_What to do_.
Produce a word-for-word copy of the line that contains "Oglinda baie cu" and each line after it through the end of the material, omitting pictures and all other lines.

_Given data_.
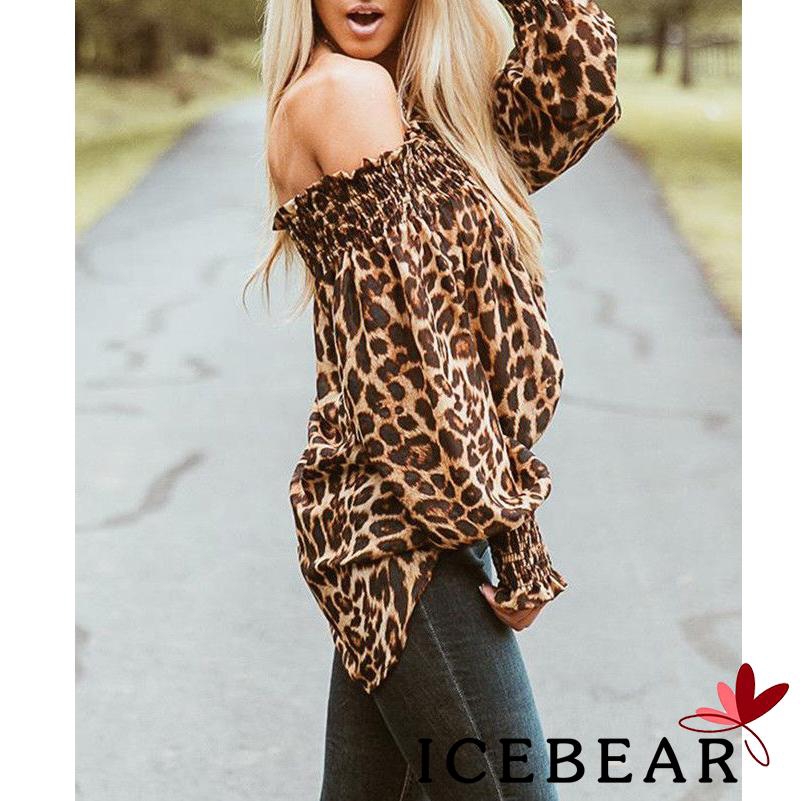 Áo nữ trễ vai họa tiết da báo thời trang quyến rũ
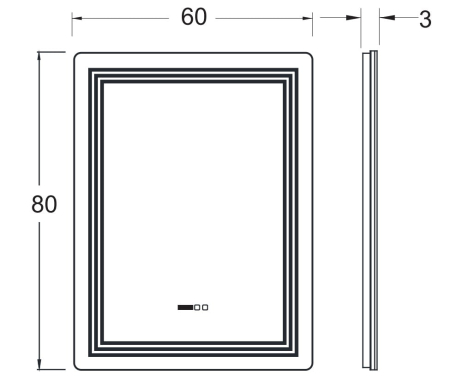 Oglinda baie cu iluminare LED 3 culori, intrerupator Touch, ceas, functie dezaburire, Belform Cronos 60x80 cm IP44 [3]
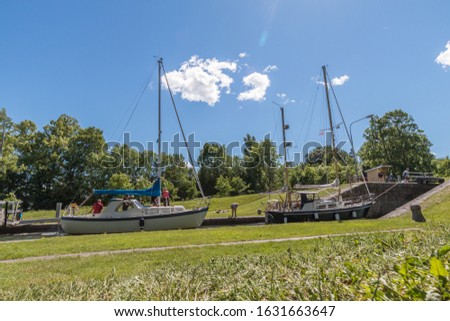 Two boats inside Bergs locks, Göta Kanal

_Task result_.
 Oglinda baie cu iluminare LED 3 culori, intrerupator Touch, ceas, functie dezaburire, Belform Cronos 60x80 cm IP44 [3]
 Two boats inside Bergs locks, Göta Kanal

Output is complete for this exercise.